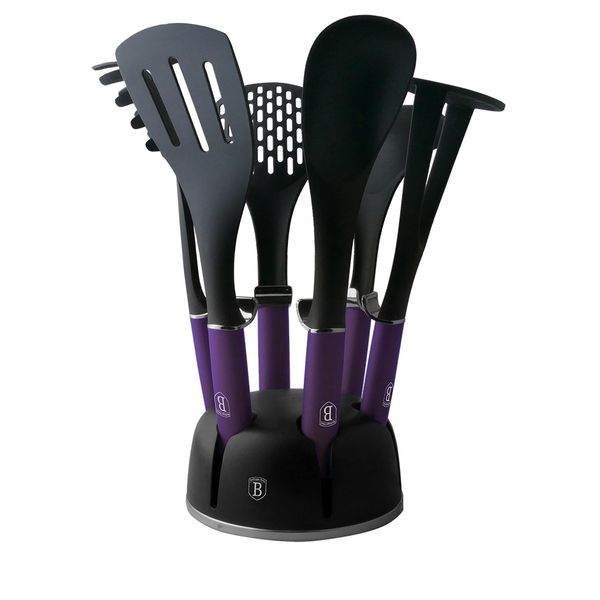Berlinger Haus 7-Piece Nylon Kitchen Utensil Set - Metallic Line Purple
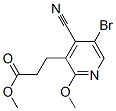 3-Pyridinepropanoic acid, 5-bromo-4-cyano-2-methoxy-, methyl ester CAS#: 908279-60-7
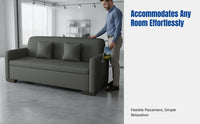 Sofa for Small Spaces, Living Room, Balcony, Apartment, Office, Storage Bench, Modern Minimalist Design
...
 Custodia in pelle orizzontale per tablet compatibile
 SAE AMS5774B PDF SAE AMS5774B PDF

**EXERCISE DIRECTIONS:** From the listing above, repeat only the lines between the line containing "Berlinger Haus 7-Piece" and the line containing "Sofa for Small", those two included. Pictures are not part of the copy.

**SOLUTION FOR THIS EXERCISE:**
Berlinger Haus 7-Piece Nylon Kitchen Utensil Set - Metallic Line Purple
 3-Pyridinepropanoic acid, 5-bromo-4-cyano-2-methoxy-, methyl ester CAS#: 908279-60-7
 Sofa for Small Spaces, Living Room, Balcony, Apartment, Office, Storage Bench, Modern Minimalist Design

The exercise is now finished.